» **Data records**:
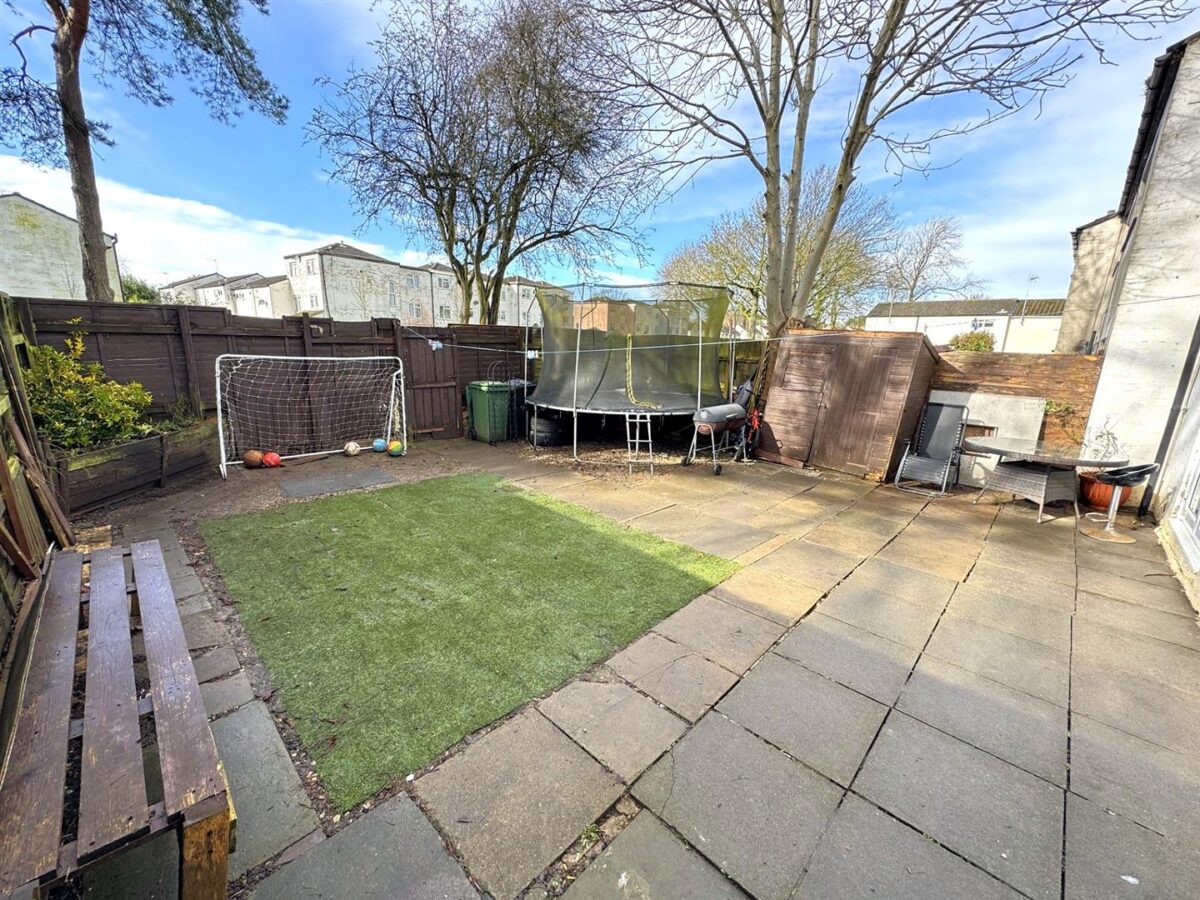 Grantham Walk, Corby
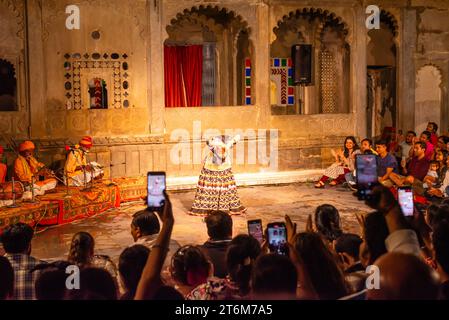 Traditionelle Rajasthani-Musiker, Tänzerinnen und Puppenspieler, die für Touristen in Bagore ki Haveli Udaipur Rajasthan Indien auftreten Stockfoto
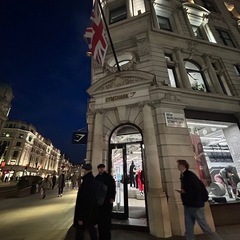 カーキ色　gymshark ショートパンツの画像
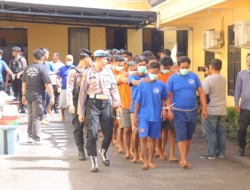 “Ninja” Sawit Kembali Beraksi, Polisi Amankan 31 Pelaku Pencuri TBS Milik Perusahaan
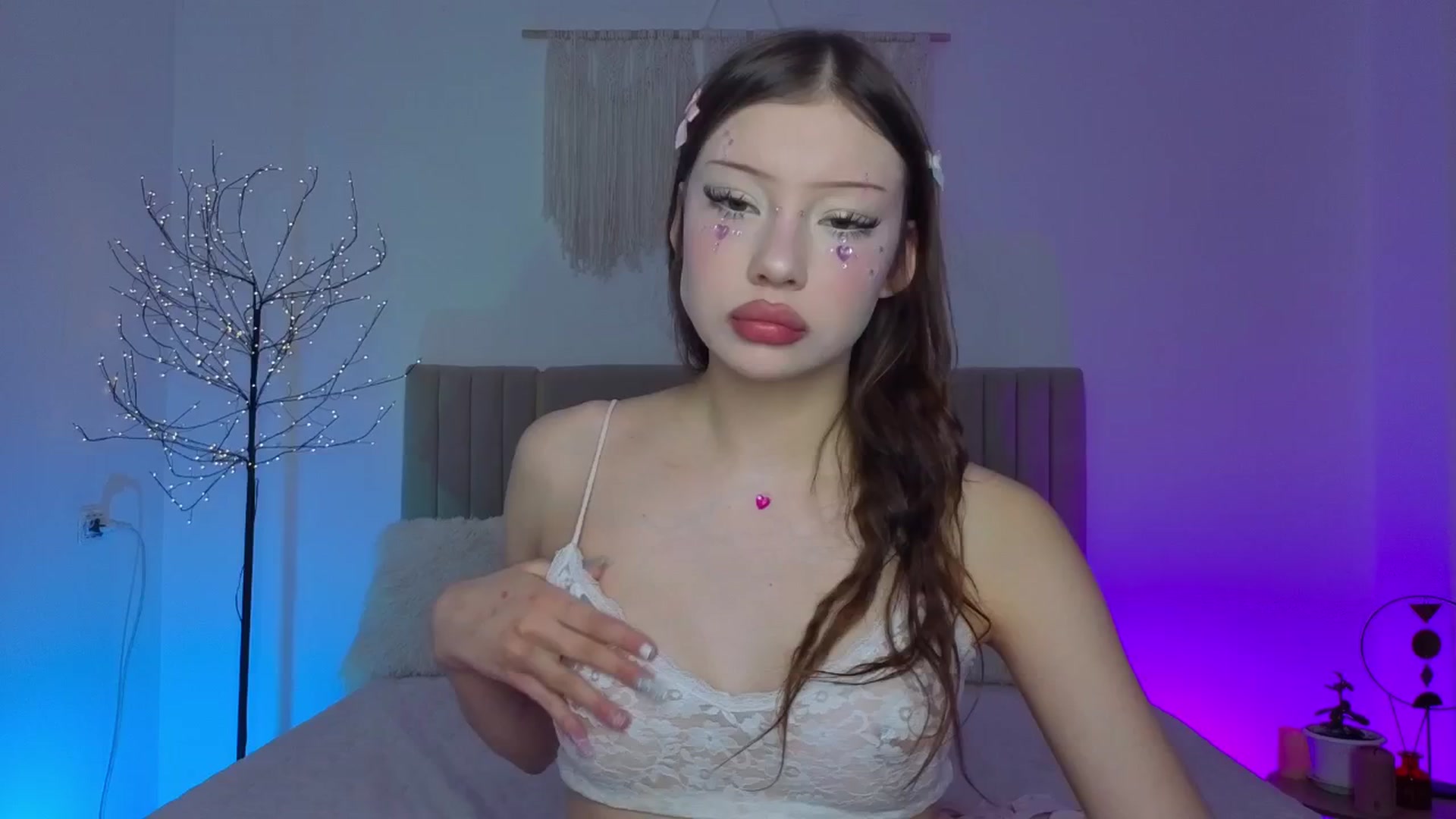 Gallery image thumbnail from Litlle_barbi's myfreecams stream on, 02/14/2026, 14:03 image 9 of 20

» **AIM OF THE TASK**:
Your response must restate every record above exactly, with each picture omitted.

» **RESULT BELOW**:
 Grantham Walk, Corby
 Traditionelle Rajasthani-Musiker, Tänzerinnen und Puppenspieler, die für Touristen in Bagore ki Haveli Udaipur Rajasthan Indien auftreten Stockfoto
 カーキ色　gymshark ショートパンツの画像
 “Ninja” Sawit Kembali Beraksi, Polisi Amankan 31 Pelaku Pencuri TBS Milik Perusahaan
 Gallery image thumbnail from Litlle_barbi's myfreecams stream on, 02/14/2026, 14:03 image 9 of 20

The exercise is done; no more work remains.